It appears that when text is placed on top of a canvas element, Chrome enforces hardware-accelerated transforms.
Could someone provide insight into this behavior? My goal is to resize text over a canvas element without it being transformed into a texture.
You can view the issue in action on this fiddle: http://jsfiddle.net/Gb6h4/1/
Below is the code snippet:
// Access the canvas and its context
var $canvas = $("canvas");
var ctx = $canvas[0].getContext('2d');
// Make the canvas fit the entire screen
var width = $(window).width(),
height = $(window).height();
$canvas.attr({
width: width,
height: height
});
// When modifying the canvas context in Chrome,
// it triggers a hardware-accelerated transform on the text.
// (The text is scaled as a texture, causing blurriness.)
// Uncomment the line below to see the difference.

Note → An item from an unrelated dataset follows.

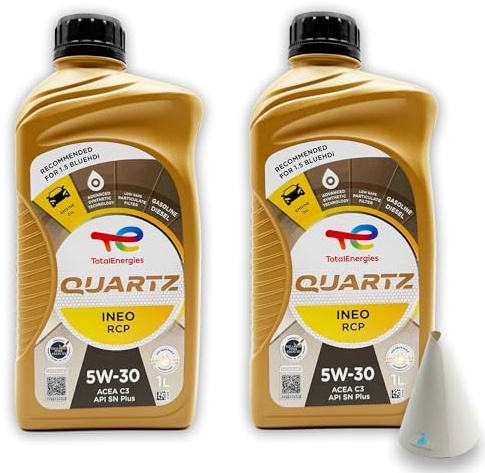 Total Quartz Ineo RCP 5W-30 | 2 L | kompatibel mit Stellantis FPW9.55535/03 | PSA B71 2290 | 2 Liter | mit Trichter |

// ctx.fillStyle = "grey";
// Implement a basic zoom animation on our "Hello!" div
var $div = $(".transformed");
var scale = 1;
setInterval(function () {
scale += 0.005;
$div.css({
transform: "translate(0px, 0px) scale("+scale+")"
});
}, 16);
In the fiddle, the text initially scales correctly (using a non-accelerated CSS transform). However, after interaction with the canvas context, the text scaling changes (as if under an accelerated transform).